Mobile ad mediation is a mobile app monetization solution that allows app developers (publishers) to set, manage, and optimize multiple mobile ad networks with only one SDK (software development kit) integration.
Without it, publishers need to manage each ad network through their individual SDKs and platforms, which can be in the hundreds. Having just one centralized platform streamlines reporting, optimization, and updates.
In terms of advertising, ad mediation platforms help publishers sell more inventory by having ad networks bid against each other. The publishers can then accept the highest bid, reach optimal fill rates, and therefore, increase CPMs (Cost Per Mile).

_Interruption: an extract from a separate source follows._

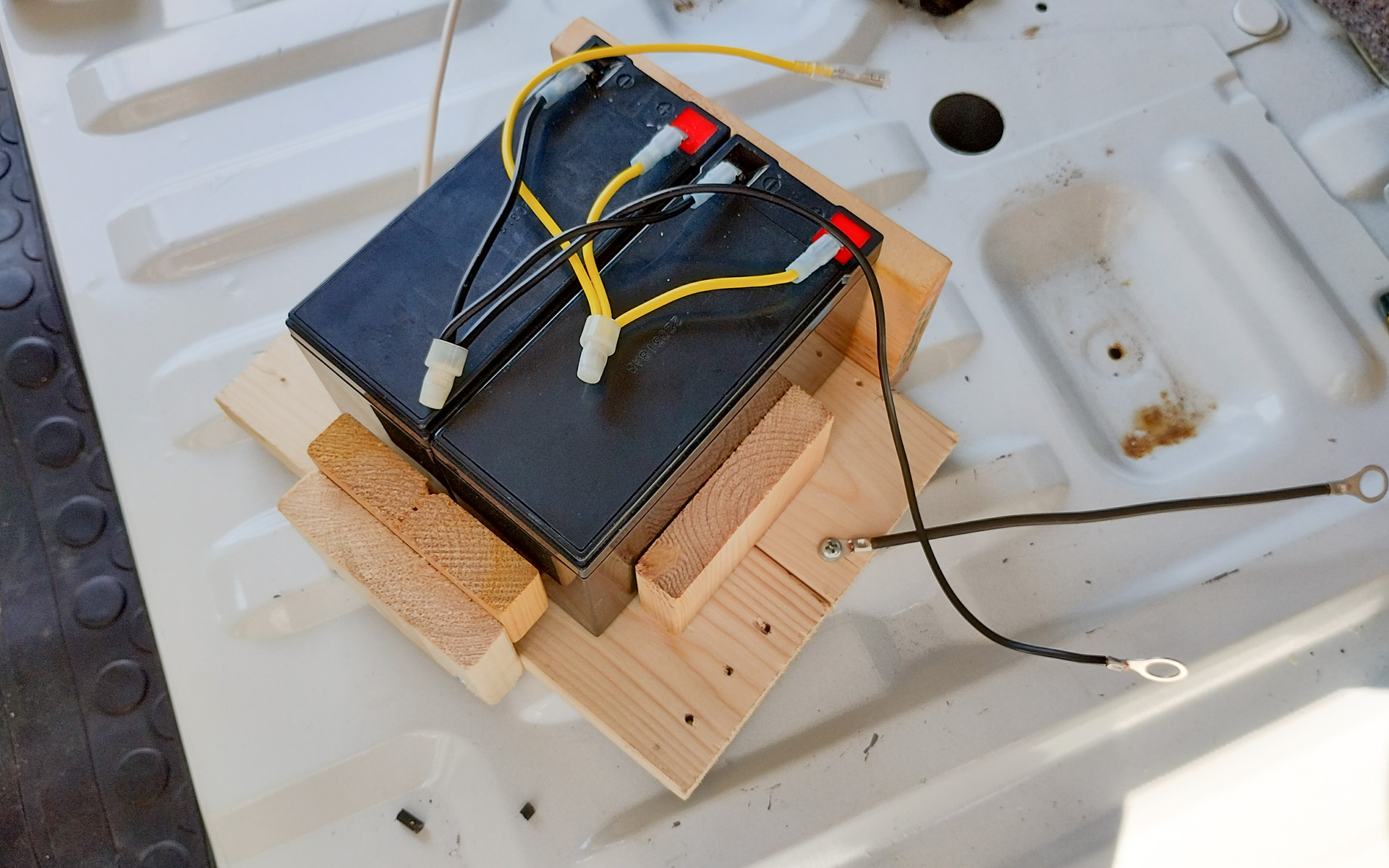 用意したバッテリと木で作った台座。これでバッテリは倒れない。シート下パネルを固定するボルトにワイヤー（電線）に共締めして台座を固定する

Mobile Ad Mediation can send ad requests to multiple ad networks helping publishers find the best network to fill their inventory. All of the ad networks are ranked in the order of preference set by the publisher. Then, the mobile ad mediation platform selects the ad network with the highest ranking and determines whether or not it can fill the ad request. If not, the mediation platform selects the following ranked ad network, and so on, until it fills an ad request. The ad mediation platform ensures that every ad request finds the best ad network based on the publisher’s preferences e.g. ROI or eCPM.
In simple business terms, mobile ad mediation platforms allow multiple ad networks access to a mobile app’s inventory, where ad networks must compete for their ad to be served. Higher competition among ad networks means competitive eCPMs and more ad revenue for app developers.
Ad mediation platforms sell ad space in two primary ways: waterfall and header bidding.
Waterfall bidding (aka daisy-chaining) starts with a chain of ad networks/exchanges arranged in order of their preference or any given publisher from top to bottom. The network/exchange performance is typically rated based on CPM, fill rate, latency, etc.. Ad impressions are passed from network to network, from top-rated to bottom-rated ones, until they’re sold.
The CPM decreases as an impression falls down the waterfall, but so does the inventory. The waterfall attempts to ensure that no inventory is left unsold while hopefully procuring the publisher the best possible price. This way, publishers mainly use this technique to sell remnant ad inventory.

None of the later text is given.